Secure access to S3 buckets across accounts using instance profiles with an AssumeRole policy

In AWS you can set up cross-account access, so the computing in one account can access a bucket in another account. One way to grant access, described in Secure access to S3 buckets using instance profiles, is to grant an account direct access to a bucket in another account. Another way to grant access to a bucket is to allow an account to assume a role in another account.

Consider AWS Account A with account ID <deployment-acct-id> and AWS Account B with account ID <bucket-owner-acct-id>. Account A is used when signing up with Databricks: EC2 services and the DBFS root bucket are managed by this account. Account B has a bucket <s3-bucket-name>.

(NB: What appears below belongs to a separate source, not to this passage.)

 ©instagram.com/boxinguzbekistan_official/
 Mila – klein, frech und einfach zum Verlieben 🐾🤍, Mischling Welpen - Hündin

This article provides the steps to configure Account A to use the AWS AssumeRole action to access S3 files in <s3-bucket-name> as a role in Account B. To enable this access you perform configuration in Account A and Account B and in the Databricks Admin Console. You also must either configure a Databricks cluster or add a configuration to a notebook that accesses the bucket.

Requirements

  • AWS administrator access to IAM roles and policies in the AWS account of the Databricks deployment and the AWS account of the S3 bucket.
  • Target S3 bucket.
  • If you intend to enable encryption for the S3 bucket, you must add the instance profile as a Key User for the KMS key provided in the configuration. See Configure KMS encryption.

Step 1: In Account A, create role MyRoleA and attach policies

  1. Create a role named MyRoleA in Account A. The Instance Profile ARN is arn:aws:iam::<deployment-acct-id>:instance-profile/MyRoleA.

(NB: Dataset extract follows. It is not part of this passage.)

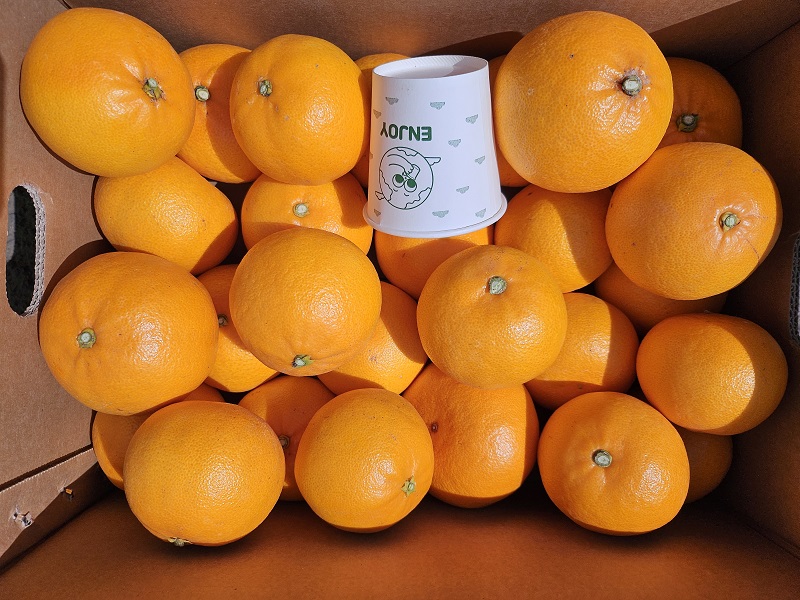 제주 천혜향 혼합과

  2. Create a policy that says that a role in Account A can assume MyRoleB in Account B. Attach it to MyRoleA. Click Inline policy and paste in the policy:

    {
      "Version": "2012-10-17",
      "Statement": [
        {
          "Sid": "Stmt1487884001000",
          "Effect": "Allow",
          "Action": [
            "sts:AssumeRole"
          ],
          "Resource": [
            "arn:aws:iam::<bucket-owner-acct-id>:role/MyRoleB"
          ]
        }
      ]
    }
    
  3. Update the policy for the Account A role used to create clusters, adding the iam:PassRole action to MyRoleA:

    {
      "Version": "2012-10-17",
      "Statement": [
        {
          "Sid": "Stmt1403287045000",
          "Effect": "Allow",
          "Action": [
            "ec2:AssociateDhcpOptions",
            "ec2:AssociateIamInstanceProfile",
            "ec2:AssociateRouteTable",
            "ec2:AttachInternetGateway",
            "ec2:AttachVolume",
            "ec2:AuthorizeSecurityGroupEgress",
            "ec2:AuthorizeSecurityGroupIngress",
            "ec2:CancelSpotInstanceRequests",
            "ec2:CreateDhcpOptions",
            "ec2:CreateInternetGateway",
            "ec2:CreateKeyPair",
            "ec2:CreatePlacementGroup",
            "ec2:CreateRoute",
            "ec2:CreateSecurityGroup",
            "ec2:CreateSubnet",
            "ec2:CreateTags",
            "ec2:CreateVolume",
            "ec2:CreateVpc",
            "ec2:CreateVpcPeeringConnection",
            "ec2:DeleteInternetGateway",
            "ec2:DeleteKeyPair",
            "ec2:DeletePlacementGroup",
            "ec2:DeleteRoute",
            "ec2:DeleteRouteTable",
            "ec2:DeleteSecurityGroup",
            "ec2:DeleteSubnet",
            "ec2:DeleteTags",
            "ec2:DeleteVolume",
            "ec2:DeleteVpc",
            "ec2:DescribeAvailabilityZones",
            "ec2:DescribeIamInstanceProfileAssociations",
            "ec2:DescribeInstanceStatus",
            "ec2:DescribeInstances",
            "ec2:DescribePlacementGroups",
            "ec2:DescribePrefixLists",
            "ec2:DescribeReservedInstancesOfferings",
            "ec2:DescribeRouteTables",
            "ec2:DescribeSecurityGroups",
            "ec2:DescribeSpotInstanceRequests",
            "ec2:DescribeSpotPriceHistory",
            "ec2:DescribeSubnets",
            "ec2:DescribeVolumes",
            "ec2:DescribeVpcs",
            "ec2:DetachInternetGateway",
            "ec2:DisassociateIamInstanceProfile",
            "ec2:ModifyVpcAttribute",
            "ec2:ReplaceIamInstanceProfileAssociation",
            "ec2:RequestSpotInstances",
            "ec2:RevokeSecurityGroupEgress",
            "ec2:RevokeSecurityGroupIngress",
            "ec2:RunInstances",
            "ec2:TerminateInstances"
          ],
          "Resource": [
              "*"
          ]
        },
        {
          "Effect": "Allow",
          "Action": "iam:PassRole",
          "Resource": [
            "arn:aws:iam::<deployment-acct-id>:role/MyRoleA"
          ]
        }
      ]
    }
    

Step 2: In Account B, create role MyRoleB and attach policies

  1. Create a role named MyRoleB. The Role ARN is arn:aws:iam::<bucket-owner-acct-id>:role/MyRoleB.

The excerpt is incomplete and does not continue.